Compared to the minor flaws in the outer casing, the internal design of the iPhone 17 Pro focuses more on user experience. It also adopts the “three-section layout,” with the motherboard concentrated in the larger “Plateau” area at the top, which netizens have described as a “typical Android structure.” The battery capacity has increased by 406mAh compared to the previous generation, mainly due to improved energy density rather than an increase in battery area.
Cooling is the core upgrade of the iPhone 17 Pro. Due to the integrated body design, it needs to be disassembled from the screen rather than the back panel. After removing the screen, a large heat sink covering the entire device can be seen; peeling off the film reveals a new VC vapor chamber. Among them, the VC vapor chamber area of the Pro Max version is approximately 2200 square millimeters, and that of the Pro version is about 2000 square millimeters. Although this is smaller than the 4000-square-millimeter scale commonly seen in the Android camp, it uses a copper mesh structure and laser welding technology, resulting in better heat conduction performance and higher costs. In addition, a heat sink is attached to the back of the screen component; the heat from the processor can be distributed to the aluminum alloy heat sink through the VC vapor chamber, and part of it can also be conducted to the screen. The front and back of the motherboard, the back cover, and the MagSafe coil are all covered with heat-dissipating films, which fully demonstrates Apple’s emphasis on the device’s heat dissipation capability. The approximately 0.3-millimeter-thick aluminum alloy heat sink is also the main reason why this series is 0.5 millimeters thicker than the previous generation.
It is worth mentioning that the new front camera sensor of the iPhone 17 series is not the “square” shape as advertised; it actually has an octagonal base, which is a design that balances practicality and cost. The “Plateau” area also cleverly arranges antennas, which not only looks aesthetically pleasing but also avoids the impact of hand grip on signal reception. While some netizens believe that its internal circuit design is slightly disorganized and lacks the previous “Apple style,” from the perspective of user experience, this design is more practical.

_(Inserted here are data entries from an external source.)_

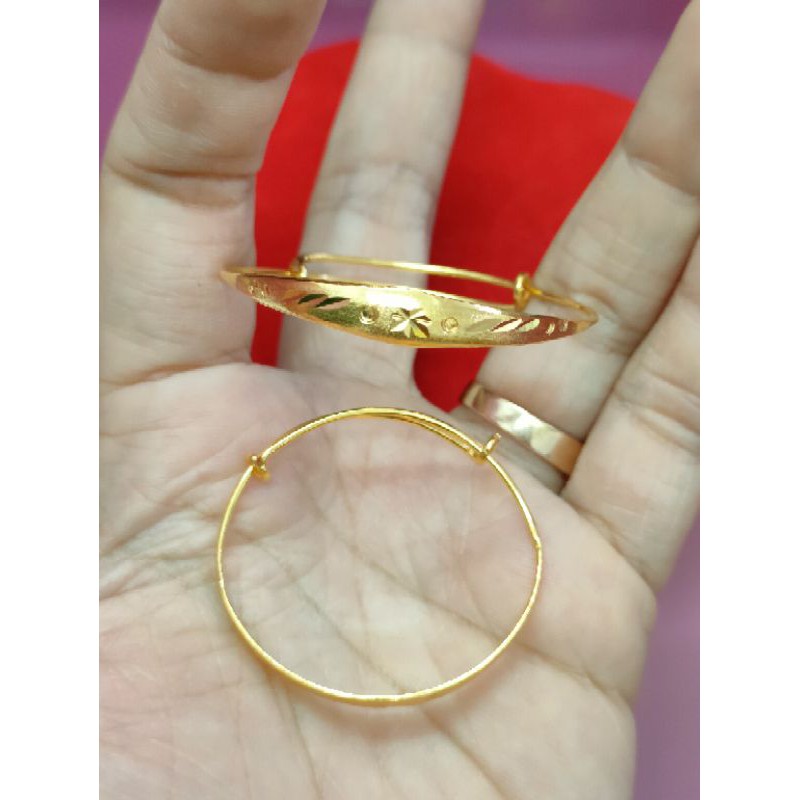 GELANG SELOT ANAK ( PERAK 925 ) LAPIS EMAS 24K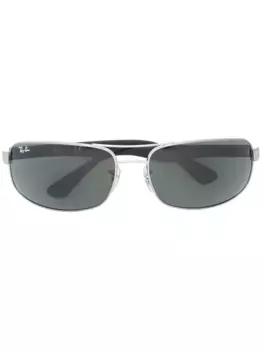 Солнцезащитные очки с прямоугольной оправой Ray-Ban, черный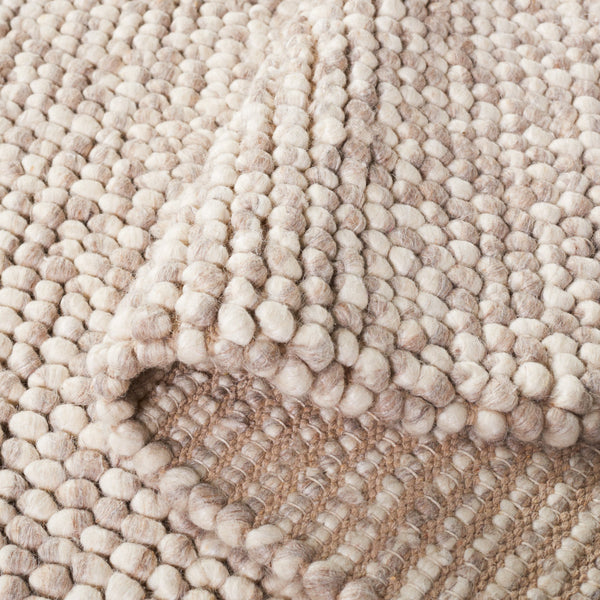 Safavieh Natura Hand-Woven 9X9 Beige Rug — 80% Wool 20% Cotton, Subtle Texture, Cozy Low-Profile 3/8" Pile NAT620B-9SQ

Overall, the “Plateau” design of this year’s new iPhones embodies pragmatism. For Apple, this is not only a change in product engineering thinking but also an upgrade of product experience relying on the high integration and customization of small components, as well as the optimization of self-developed Apple Silicon. In the future, this design is expected to be applied to more iPhone models, helping regular models increase battery capacity while achieving a slimmer body and enhanced heat dissipation. It will also provide key technical support for the development of foldable iPhones next year, striking a better balance between body thinness, battery capacity, and functional integration.